Une prescription ainsi ramenée à cinq ans effacerait toutes les discriminations passées liées à l'évolution de carrière antérieures à cinq ans, puisque la loi serait d'application immédiate, mais elle rendrait également invisibles toutes les situations de discrimination à l'avenir, les recouvrant du voile de la prescription chaque année qui passe dans le cadre d'un délai court de cinq ans.

Alors même que nous débattons de la nécessité de renforcer la lutte contre toutes formes de discriminations, vous comprendrez notre interrogation et celle de ceux qui luttent au quotidien contre ces formes rampantes de discriminations.

En second lieu, la prescription à cinq ans en matière de discrimination serait incompatible avec la norme européenne. Alors même que nous sommes amenés à revenir sur une transposition imparfaite de directives européennes, la majorité n'a apparemment pas retenu la leçon, puisque la prescription quinquennale annoncée est contraire à la directive « refonte » 200654 sur l'égalité des chances et de traitement entre les hommes et femmes en matière d'emploi et de travail.

Un délai de cinq ans entraînera de fait un plafond maximal d'indemnité, par le jeu de la prescription. La réparation ne sera pas « suffisante au regard du préjudice subi », et les sanctions ne seront ni « proportionnées », ni « dissuasives », eu égard à la faiblesse d'indemnités par rapport à un préjudice réel, qui serait supérieur. Tout cela en totale contradiction avec la directive « refonte » de 2006.

La mesure de la démesure ne peut se faire sur cinq ans... Est-ce l'objectif recherché ? On peut le penser à la lecture de la première proposition de loi en 2003, visant « à réduire à cinq ans la prescription applicable aux actions en justice fondées sur une discrimination syndicale », qui émanait de M. Godfrain. Il est regrettable de proposer une réduction à cinq ans du délai de prescription au moment même où le dispositif juridique adopté en 2001 concernant l'aménagement de la charge de la preuve permet de voir aboutir des actions en justice contre les discriminations.

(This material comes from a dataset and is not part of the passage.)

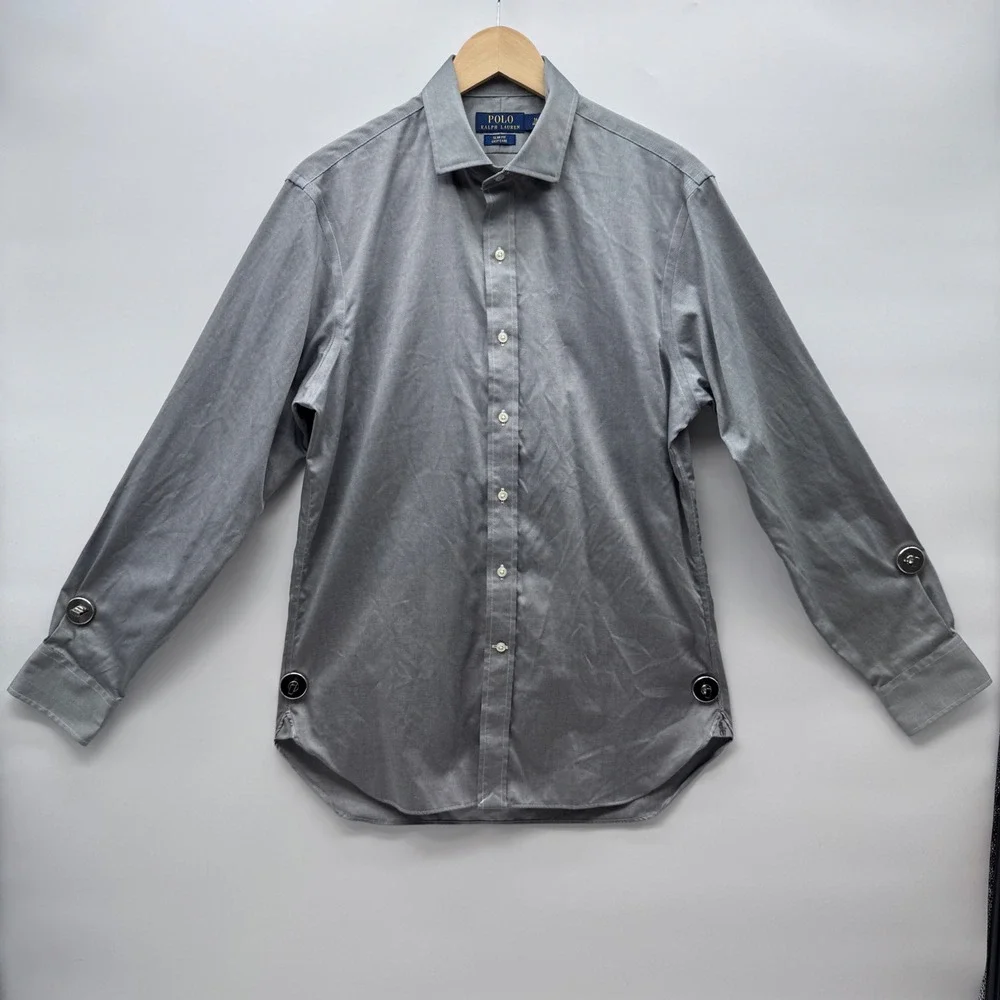 Polo Ralph Lauren Button Down Shirt Mens Large 16 34/35 Grey Slim Fit Cotton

En conséquence, pour être en conformité avec le droit européen, et permettre un traitement juste des situations de discrimination, il est nécessaire que la prescription civile extinctive de droit commun de cinq ans soit expressément écartée en matière de situations de discrimination telles que visées à l'article L. 122-45 du code du travail.

À l'instant où nous allons transposer les textes communautaires en matière de discrimination dans notre cadre législatif national, veillons à ne pas vider de leur sens ceux relatifs à la discrimination au travail.

Je veux, à cet égard, rapporter les propos du président de la HALDE, M. Louis Schweitzer qui vient de déclarer aujourd'hui même son opposition au raccourcissement de trente ans à cinq ans du délai de prescription en matière civile. Cette proposition, estime-t-il, « n'est pas un progrès » car la durée de trente ans lui semble « pleinement justifiée » Il a précisé que le collège de la HALDE avait émis une « recommandation » pour demander le maintien de la prescription à trente ans.

La position du Gouvernement sur ce sujet est attendue par le monde du travail, mais aussi par toutes les associations luttant contre toute forme de discrimination susceptible de provoquer dans le milieu professionnel des conséquences par trop définitives et profondément injustes. Tout ce que le texte que nous examinons aujourd'hui prétend réparer.

Par conséquent, nous aimerions connaître votre position, madame la secrétaire d'État, sur cette proposition de loi. Acceptez-vous que le texte débattu aujourd'hui soit balayé dans quelques semaines par une proposition de loi sur la prescription civile ?

Les avancées en matière de lutte contre les discriminations seraient illusoires si, dans le même temps, nous ôtions toute portée aux actions judiciaires menées contre les actes de discrimination. (Applaudissements sur les bancs du groupe socialiste, radical, citoyen et divers gauche et du groupe de la Gauche démocrate et républicaine.)